### EXERCISE DESCRIPTION:
Copy out the data exactly, leaving the pictures behind.

(Dataset records)

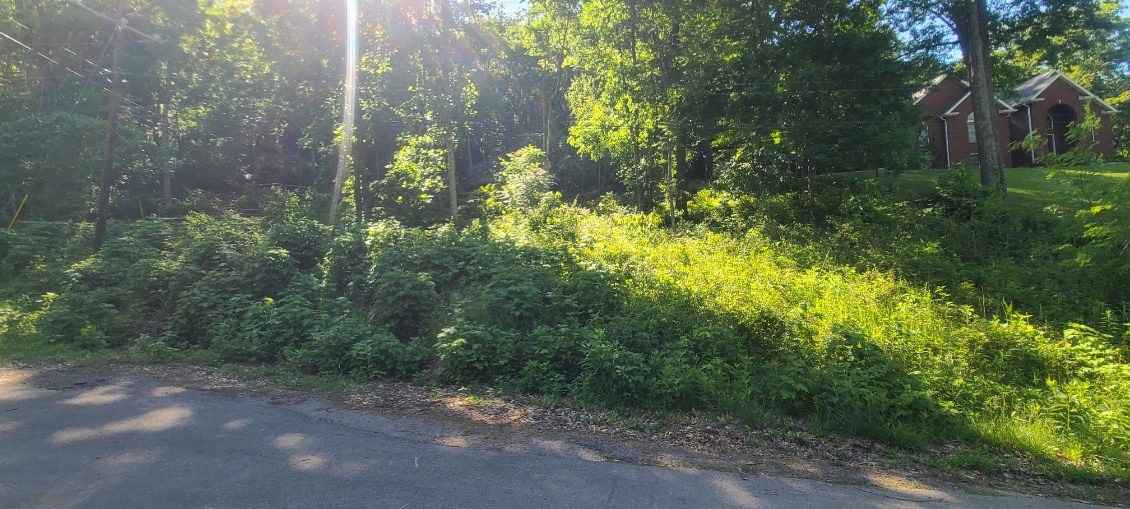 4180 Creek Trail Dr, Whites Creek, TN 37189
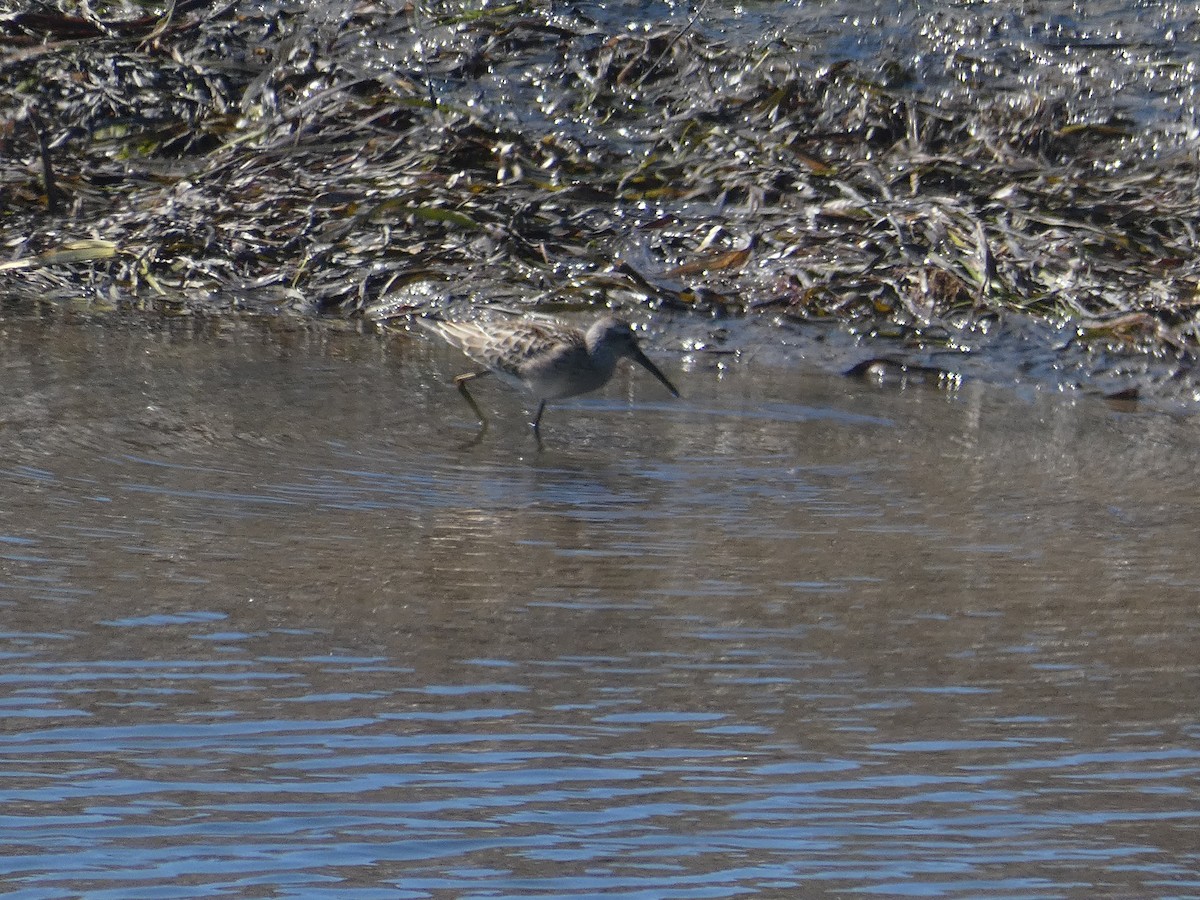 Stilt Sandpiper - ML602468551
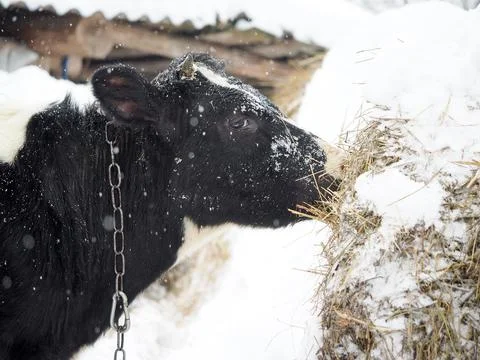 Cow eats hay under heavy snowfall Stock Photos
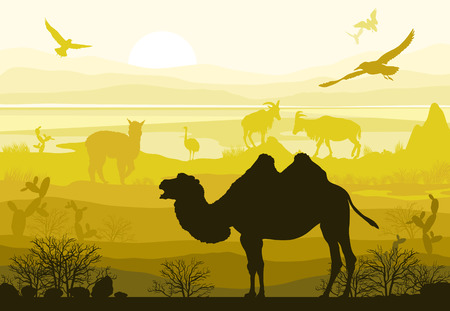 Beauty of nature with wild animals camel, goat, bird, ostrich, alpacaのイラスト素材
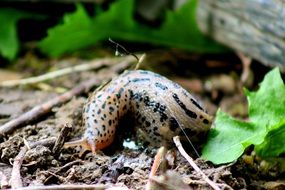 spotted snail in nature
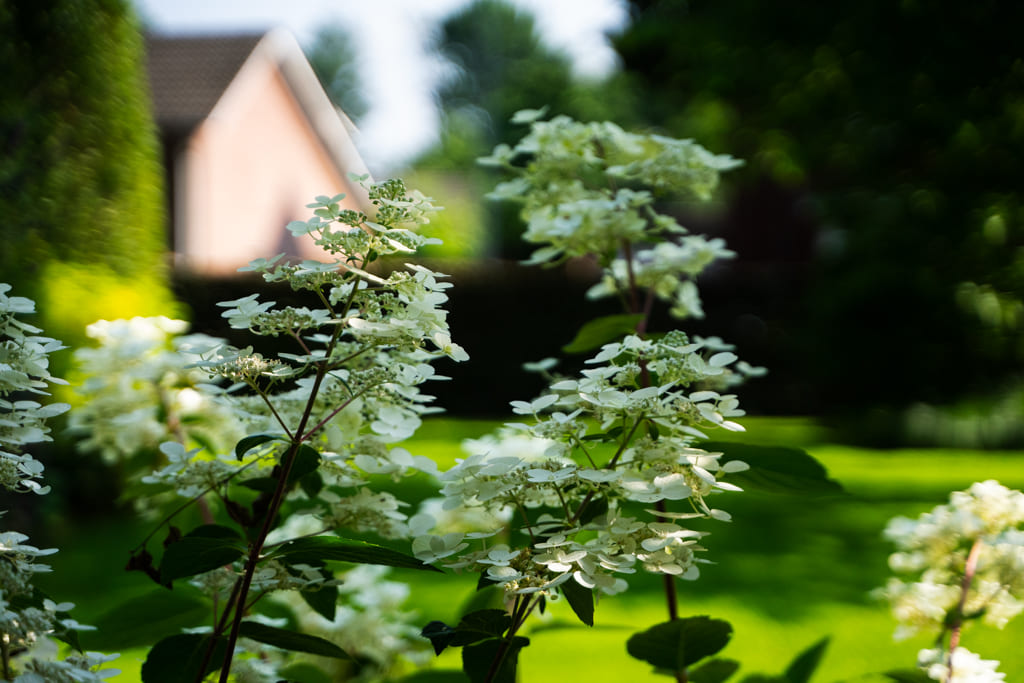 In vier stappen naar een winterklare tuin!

### RESULT FOR THIS EXERCISE:
 4180 Creek Trail Dr, Whites Creek, TN 37189
 Stilt Sandpiper - ML602468551
 Cow eats hay under heavy snowfall Stock Photos
 Beauty of nature with wild animals camel, goat, bird, ostrich, alpacaのイラスト素材
 spotted snail in nature
 In vier stappen naar een winterklare tuin!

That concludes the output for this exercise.